YOUR GOAL:
Each entry below is to be returned exactly, with any pictures left out.

Segment Open

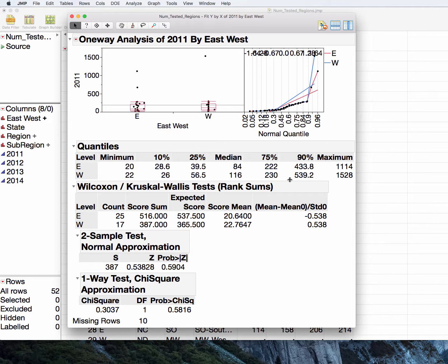Essentially what it's doing is it's finding the overall median for all of 2011. And then it's sorting each data point as to being above or below that median. It is then summing up by group these ranked scores. If we had equal medians, then we'd have an equal number of points above the median and below the median for east and for west. And the sums of those ranks would be equal. That's what it's doing.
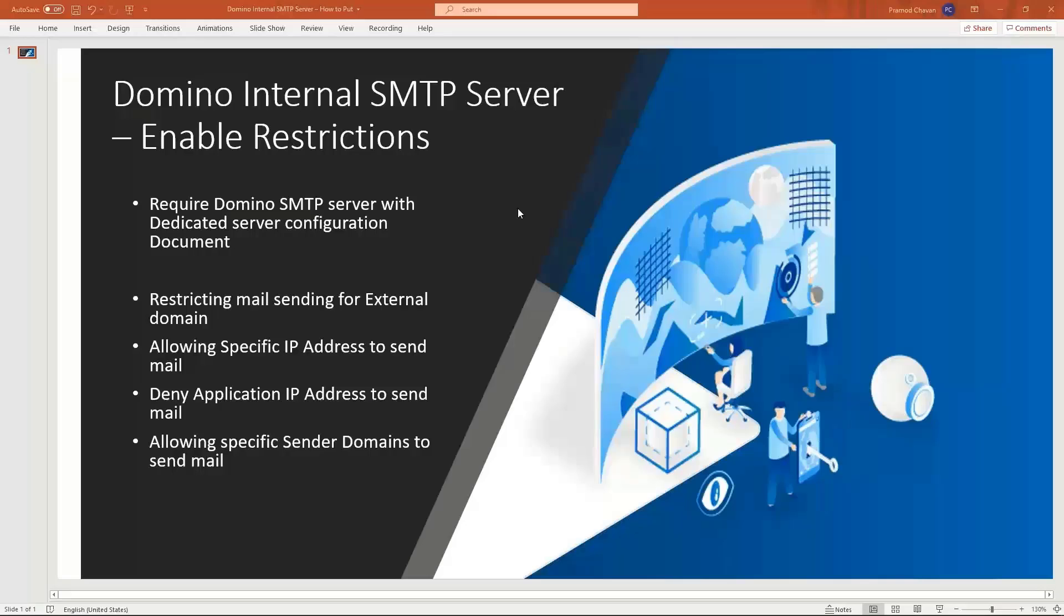This is Pramod. Today we are going to see how you can enable restriction on Domino internal SMTP server. For this we require a Domino SMTP server with dedicated server configuration document.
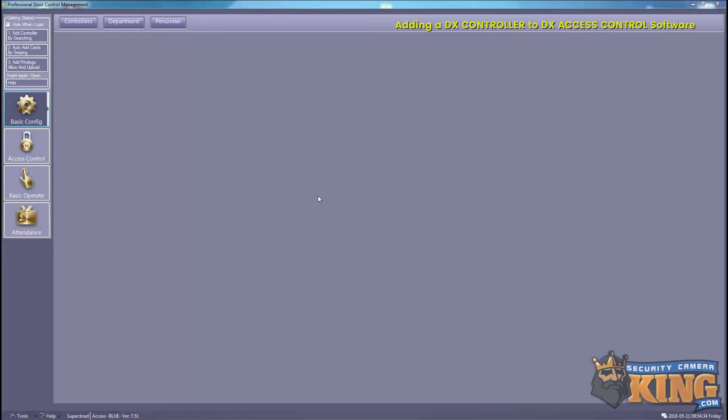This video will go over adding a DX controller to our DX access control software.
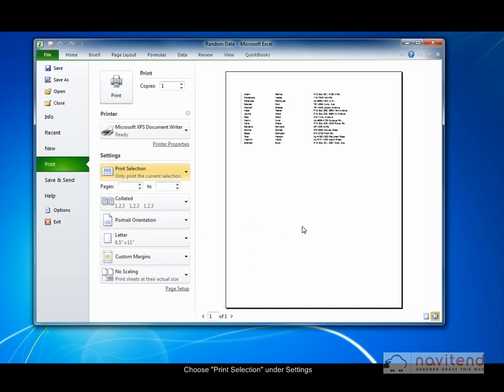In the preview area on the right, the data you have selected should be the only data on the preview. If this is the case, you have properly selected the data.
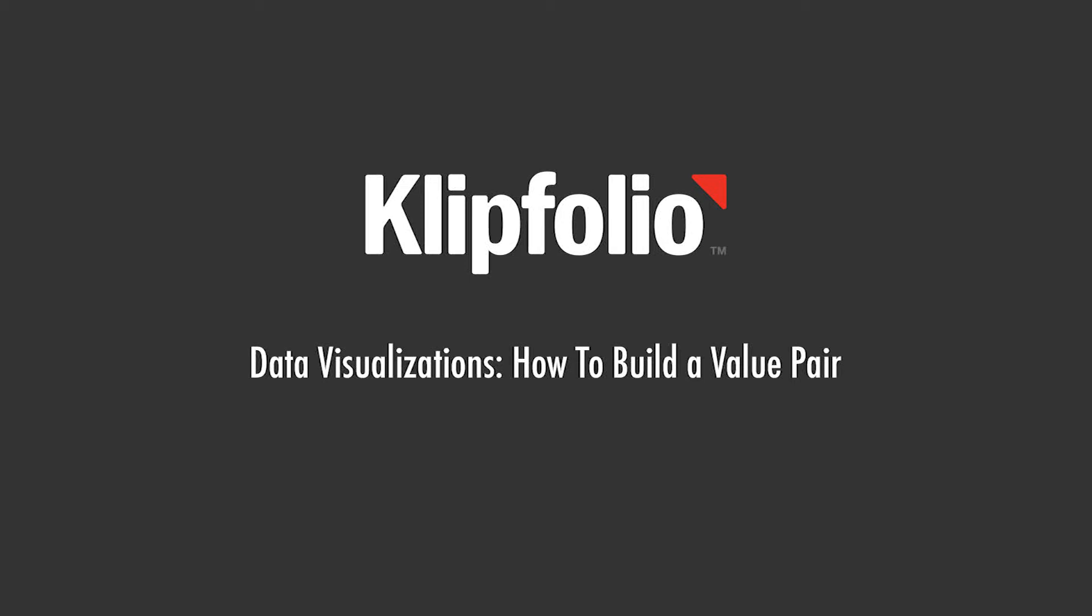Hi, this is Jason from Klipfolio. In this video, I'm going to walk you through how to create and customize the value pair component. I will also show you how you can copy and paste value pairs to build a multi-component clip. You can follow along with this demo using the sample data that came with your trial account.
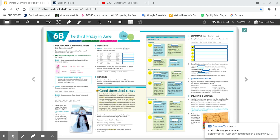Now, today's unit is 6B. This is for the fourth week of lockdown. So that is the week that begins on the 25th of January. And we're on page 48 and it's called the third Friday in June.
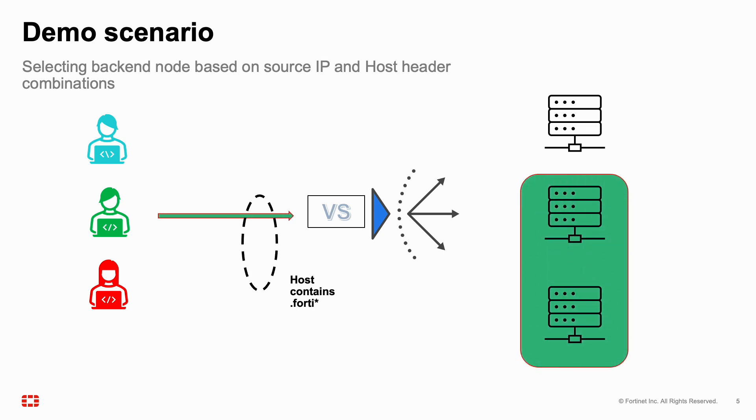If the host header includes the word 40, the source IP of the packets matches that of the admin computer, and she is using a Safari browser, the traffic goes to the red server.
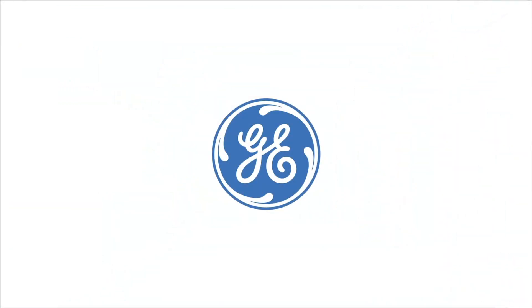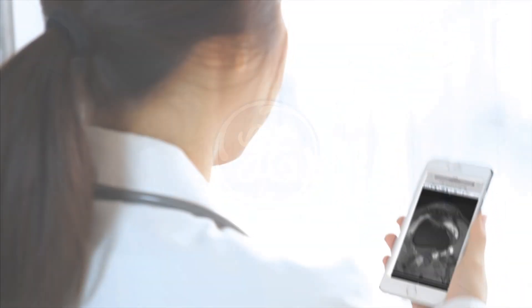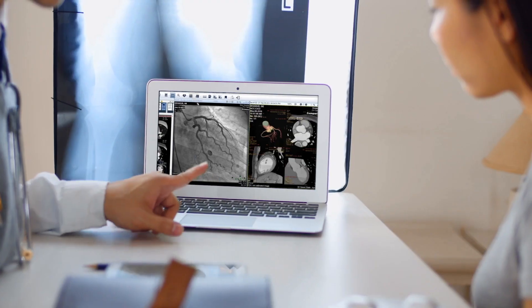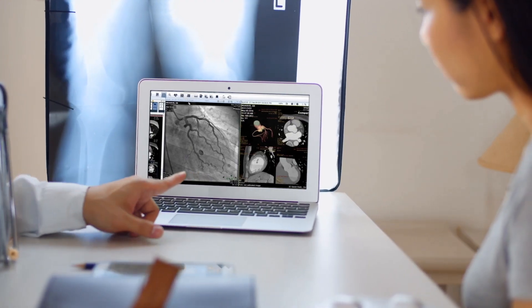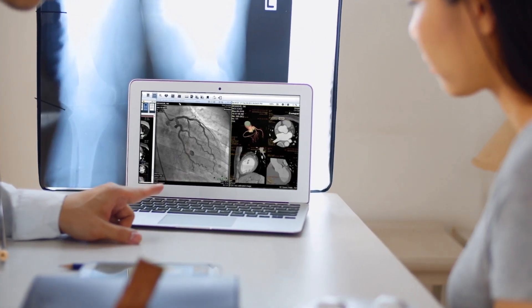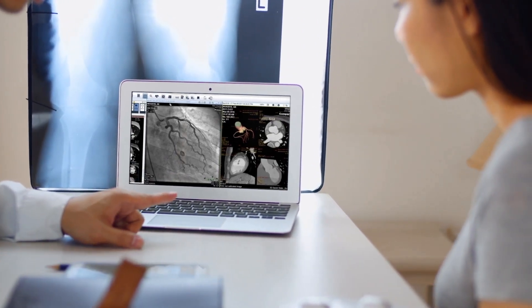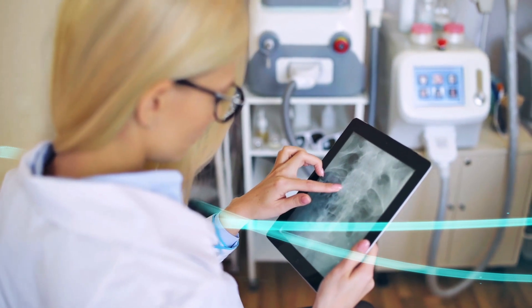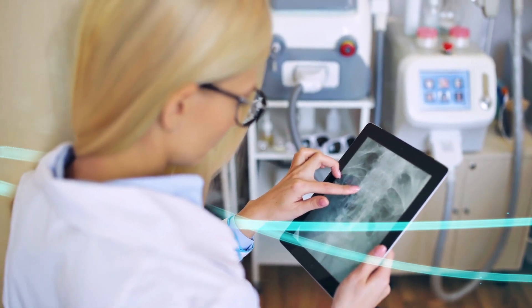GE Healthcare helps remove these limitations by uniting these separate, isolated tools into an efficient, intelligent and fully connected imaging solution for your entire enterprise.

Segment Closed

EXERCISE OUTPUT:
Essentially what it's doing is it's finding the overall median for all of 2011. And then it's sorting each data point as to being above or below that median. It is then summing up by group these ranked scores. If we had equal medians, then we'd have an equal number of points above the median and below the median for east and for west. And the sums of those ranks would be equal. That's what it's doing.
This is Pramod. Today we are going to see how you can enable restriction on Domino internal SMTP server. For this we require a Domino SMTP server with dedicated server configuration document.
This video will go over adding a DX controller to our DX access control software.
In the preview area on the right, the data you have selected should be the only data on the preview. If this is the case, you have properly selected the data.
Hi, this is Jason from Klipfolio. In this video, I'm going to walk you through how to create and customize the value pair component. I will also show you how you can copy and paste value pairs to build a multi-component clip. You can follow along with this demo using the sample data that came with your trial account.
Now, today's unit is 6B. This is for the fourth week of lockdown. So that is the week that begins on the 25th of January. And we're on page 48 and it's called the third Friday in June.
If the host header includes the word 40, the source IP of the packets matches that of the admin computer, and she is using a Safari browser, the traffic goes to the red server.
GE Healthcare helps remove these limitations by uniting these separate, isolated tools into an efficient, intelligent and fully connected imaging solution for your entire enterprise.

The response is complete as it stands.